Multiple linear regression helps data professionals estimate the linear relationship between one continuous dependent variable and two or more independent variables. This is a useful skill because it enables you to compare more than one variable against the variable you're measuring. This provides the opportunity for much more thorough and flexible analysis.
In this project, I will analyse a small business's historical marketing promotion data. Each row corresponds to an independent marketing promotion where the business uses TV, social media, radio, and influencer promotions to increase sales. The stakeholders are interested in finding variables that predict sales to help them target their marketing efforts. To address the business request, I will conduct a multiple linear regression analysis to estimate sales from a combination of independent variables. This will include:
- Exploring and cleaning data
- Using plots and descriptive statistics to select the independent variables
- Creating a fitting multiple linear regression model
- Checking model assumptions
- Interpreting model outputs and communicating the results to non-technical stakeholders
The features in the data are:
- TV promotional budget (in "Low," "Medium," and "High" categories)
- Social media promotional budget (in millions of dollars)
- Radio promotional budget (in millions of dollars)
- Sales (in millions of dollars)
- Influencer size (in "Mega," "Macro," "Micro," and "Nano" categories)
Create a pairplot to visualize the relationship between the continuous variables in the dataset. From the pairplot, Radio and Social Media both appear to have linear relationships with Sales. Given this, Radio and Social Media may be useful as independent variables in a multiple linear regression model estimating Sales. TV and Influencer are excluded from the pairplot because they are not numeric.
Calculate the mean sales for each categorical variable There are two categorical variables: TV and Influencer. To characterize the relationship between the categorical variables and Sales, find the mean Sales for each category in TV and the mean Sales for each category in Influencer. From the calculated mean sales for each categorical variable, the average Sales for High TV promotions is considerably higher than for Medium and Low TV promotions. Hence, TV may be a strong predictor of Sales. The categories for Influencer have different average Sales, but the variation is not substantial. Hence, Influencer may be a weak predictor of Sales.
- Fit a multiple linear regression model that predicts sales
- Check model assumptions: Check that all five multiple linear regression assumptions are upheld for the model.

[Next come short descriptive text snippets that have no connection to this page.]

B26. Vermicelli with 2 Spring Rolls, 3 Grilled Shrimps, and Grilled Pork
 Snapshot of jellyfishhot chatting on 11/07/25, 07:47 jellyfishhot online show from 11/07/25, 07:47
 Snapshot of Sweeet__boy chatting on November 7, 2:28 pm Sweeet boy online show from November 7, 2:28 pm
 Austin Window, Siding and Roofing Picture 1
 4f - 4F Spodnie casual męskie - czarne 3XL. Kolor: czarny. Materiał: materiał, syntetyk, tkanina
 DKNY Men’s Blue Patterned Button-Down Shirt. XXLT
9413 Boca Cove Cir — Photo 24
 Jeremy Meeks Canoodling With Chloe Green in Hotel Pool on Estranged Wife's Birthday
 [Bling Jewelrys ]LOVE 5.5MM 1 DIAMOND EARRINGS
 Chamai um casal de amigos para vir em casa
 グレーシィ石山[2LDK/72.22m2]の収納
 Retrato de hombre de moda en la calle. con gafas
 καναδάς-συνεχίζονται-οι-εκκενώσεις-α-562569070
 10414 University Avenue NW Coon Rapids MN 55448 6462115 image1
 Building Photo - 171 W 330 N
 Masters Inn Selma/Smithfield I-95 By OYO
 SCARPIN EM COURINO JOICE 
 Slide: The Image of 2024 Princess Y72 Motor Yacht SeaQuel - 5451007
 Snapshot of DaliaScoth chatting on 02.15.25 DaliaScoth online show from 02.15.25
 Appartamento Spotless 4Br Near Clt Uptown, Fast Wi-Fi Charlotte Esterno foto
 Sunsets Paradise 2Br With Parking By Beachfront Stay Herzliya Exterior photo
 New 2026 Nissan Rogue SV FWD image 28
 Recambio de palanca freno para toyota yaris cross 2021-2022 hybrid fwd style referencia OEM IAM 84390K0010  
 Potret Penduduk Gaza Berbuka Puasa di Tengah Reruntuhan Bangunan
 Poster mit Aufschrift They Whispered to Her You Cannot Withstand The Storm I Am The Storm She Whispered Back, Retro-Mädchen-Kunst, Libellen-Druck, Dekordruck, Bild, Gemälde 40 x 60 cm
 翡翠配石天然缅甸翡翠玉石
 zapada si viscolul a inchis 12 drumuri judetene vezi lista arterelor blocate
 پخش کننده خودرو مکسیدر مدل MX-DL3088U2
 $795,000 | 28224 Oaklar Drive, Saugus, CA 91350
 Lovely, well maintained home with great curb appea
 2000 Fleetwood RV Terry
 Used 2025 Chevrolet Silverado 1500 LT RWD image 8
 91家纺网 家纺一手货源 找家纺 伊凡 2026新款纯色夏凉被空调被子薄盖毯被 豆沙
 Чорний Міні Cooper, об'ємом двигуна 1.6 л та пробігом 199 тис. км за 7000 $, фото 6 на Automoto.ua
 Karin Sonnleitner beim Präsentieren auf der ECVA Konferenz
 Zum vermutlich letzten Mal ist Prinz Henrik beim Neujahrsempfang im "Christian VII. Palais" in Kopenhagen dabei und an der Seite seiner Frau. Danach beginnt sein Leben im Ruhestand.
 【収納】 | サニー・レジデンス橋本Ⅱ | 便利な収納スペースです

Using TV and Radio as the independent variables results in a multiple linear regression model with R2=0.904. In other words, the model explains 90.4% of the variation in Sales. This makes the model an excellent predictor of Sales. When TV and Radio are used to predict Sales, the model coefficients are:
The default TV category for the model is High since there are coefficients for the other two TV categories, Medium and Low. Because the coefficients for the Medium and Low TV categories are negative, that means the average of sales is lower for Medium or Low TV categories compared to the High TV category when Radio is at the same level.
For example, the model predicts that a Low TV promotion is 152.0897 lower on average compared to a high TV promotion given the same Radio promotion. The coefficient for Radio is positive, confirming the positive linear relationship shown earlier during the exploratory data analysis. The p-value for all coefficients is 0.000, meaning all coefficients are statistically significant at p=0.05. The 95% confidence intervals for each coefficient should be reported when presenting results to stakeholders. For example, there is a 95% chance that the interval [−162.225,−141.954] contains the true parameter of the slope of βTVLow, which is the estimated difference in promotion sales when a Low TV promotion is chosen instead of a High TV promotion.
According to the model, high TV promotional budgets result in significantly more sales than medium and low TV promotional budgets. High TV promotional budgets have a substantial positive influence on sales. The model estimates that switching from a high to medium TV promotional budget reduces sales by $73.4835 million (95% CI [−80.530,−66.437]), and switching from a high to low TV promotional budget reduces sales by $152.0897 million (95% CI [−162.225,−141.954]). The model also estimates that an increase of $1 million in the radio promotional budget will yield a $2.8864 million increase in sales (95% CI [2.460,3.312]).
Thus, it is recommended that the business allot a high promotional budget to TV when possible and invest in radio promotions to increase sales.